Note that withdrawal from NAFTA is a multi-step process. The next step, which they now think Trump is leaning toward taking (more than 50% chance according to the articles today), is variously described as "announcing a withdrawal" or "giving a withdrawal notice". The withdrawal would not be immediate, or the announcement necessarily binding. Negotiations would continue. 

A withdrawal notice just starts a six-month timer ticking down. When the six months runs out, if there still has been no agreement, the US can withdraw immediately, set a withdrawal date in the future, continue to negotiate while ignoring the zero timer, or admit that it was a bluff all along.

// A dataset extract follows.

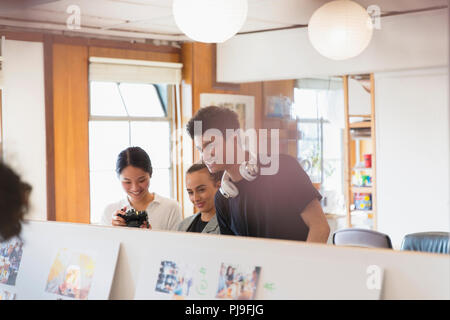 Kreative Designer überprüfung Foto Beweise im Büro Stockfoto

Some headlines read that the "peso and loonie plunged". In the case of the Peso, that meant about 15 centavos per dollar difference vs yesterday, which doesn't to me constitute a plunge. (yet)


----------



## Zorro2017 (Jan 9, 2017)

Mexico News Daily has been reporting on this and analysts here say that the economy won't collapse if NAFTA does end. No one wants to budge so no progress or change has been made.


----------



## modeeper (Mar 21, 2015)

I believe not 1% of the comments from either side. Trump is again willing to say anything to appeal to his base. Nieto will say anything to keep the natives quiet. Mexicans do have a little revolution in their blood.


----------